One idea investigated by SETI researchers is to look for an alien artefact at the stable L4 and L5 Earth–Sun Lagrange points – pockets in space where an object can keep pace with the Earth as it orbits the Sun. A probe sent from an alien planet, or a monitoring device left after an expedition moved on, could be parked there without the need for orbital corrections. It has even been suggested that such a probe might attempt to establish contact with us by radio or via the Internet. Should that happen, the problem of the finite speed of light, which is a dampener for traditional SETI, would be circumvented.

As a final example of what we might look for, an alien expedition or migration wave may have tampered with terrestrial microbiology, perhaps creating its own shadow biosphere to assist with mineral processing, terraforming or energy production. Also, if the aliens really wanted to leave a message for posterity, implanting it in the genomes of micro-organisms might be a better strategy than sending out radio signals from a beacon. Using viruses or living cells as information repositories has many advantages: biological nanosystems are self-replicating and self-repairing, and have the potential to conserve information for millions of years. Some genes, for example, have remained largely unchanged for more than a billion years.

Post-biological intelligence

Speculation about SETI is bedevilled by the trap of anthropocentrism – a tendency to use 21st-century human civilization as a model for what an extraterrestrial civilization would be like. But when contemplating a multimillion-year technology, human categories are almost certainly misleading. Perhaps the most suspect assumption is that we would be dealing with flesh-and-blood beings. It is likely that biological intelligence is but a transitory phase in the evolution of intelligence in the universe; even on Earth we can predict the rise of “artificial” intelligence and glimpse a future in which engineered information-processing systems and genetically modified neural networks will be merged to create novel “thinking systems” that far outstrip human intellectual prowess.

What the priorities or technological demands of such entities might be we cannot know. The most powerful thinking systems in the universe might turn out to be instantiated in quantum computers – what the Nobel-prize-winning physicist Frank Wilczek has dubbed “quintelligence”. Such entities may be physically small, have negligible energy requirements and be located in intergalactic space to exploit its low temperatures. If so, the technological footprint of quintelligence would be so modest that we would never spot it.
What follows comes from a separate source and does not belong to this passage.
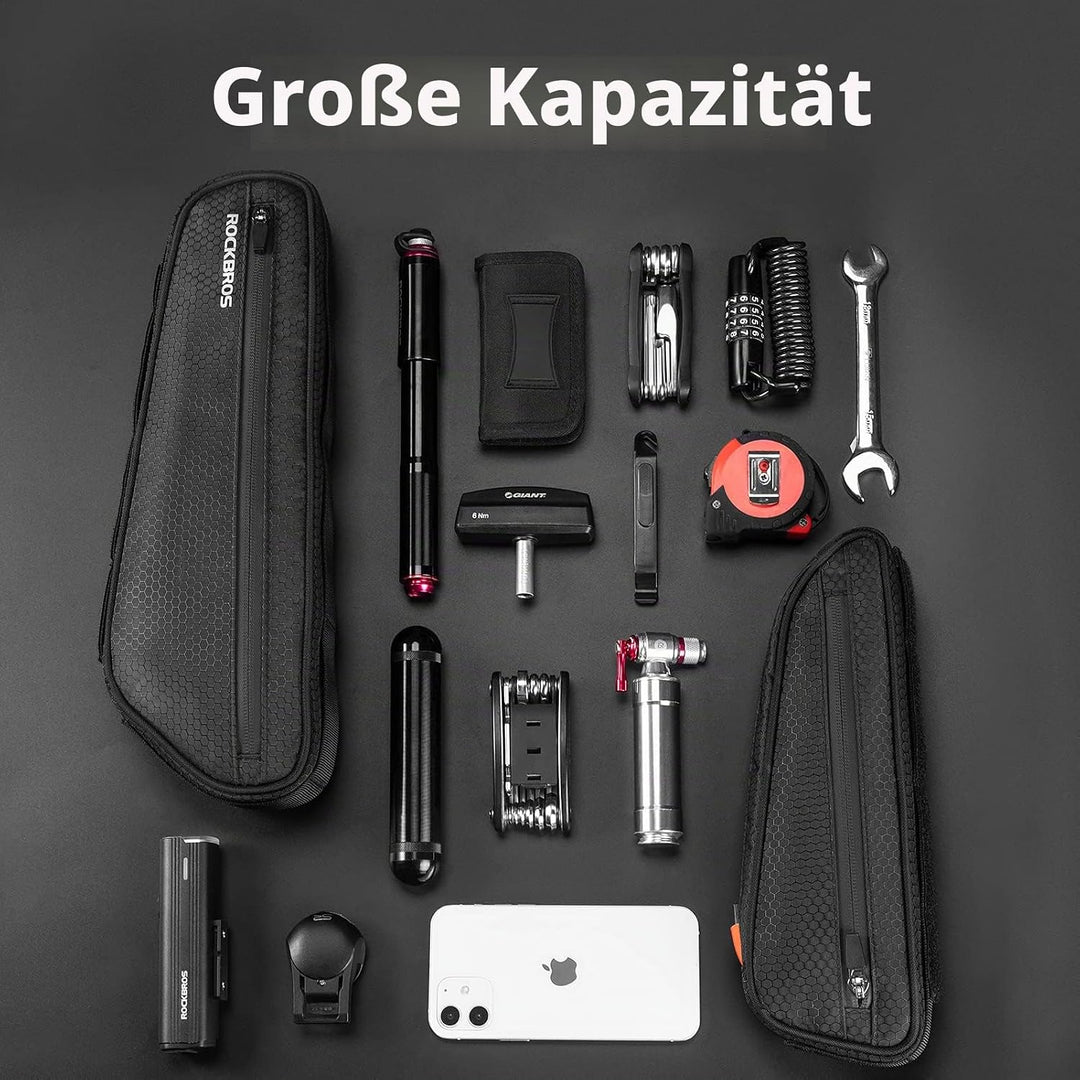 ROCKBROS Fahrradtasche Set, Fahrrad Lenkertasche + Rahmentasche, 2 in 1 Abnehmbare Dreiecktasche für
The late author and futurist Arthur C Clarke once remarked that a sufficiently advanced technology would be indistinguishable from magic. It is therefore crucial that we expand our thinking about alien technology from mere extrapolations of human technology and begin looking for any system or process that displays the hallmark of intelligent manipulation. After 50 years of traditional SETI, the time has come to widen the search from radio signals. Using the full array of scientific methods, from genomics to neutrino astrophysics, we should begin to scrutinize the solar system and our region of the galaxy for any hint of past or present cosmic company.
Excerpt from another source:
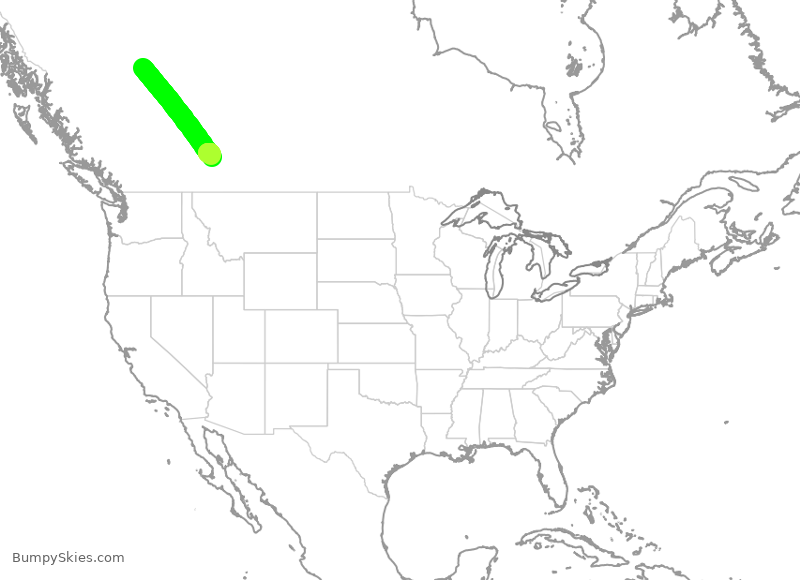 Turbulence forecast map for WEN3724, YXJ to YYC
SETI is enormous fun and of great interest to the public. The momentous nature of a positive result hardly needs to be spelt out. Unfortunately, the subject represents a level of speculation unusual even by the standards of contemporary theoretical physics, and it may turn out to be a wild-goose chase. Nevertheless, as Cocconi and Morrison pointed out in their trailblazing paper, if we do not bother to look for extraterrestrial intelligence, the chances of finding it are zero.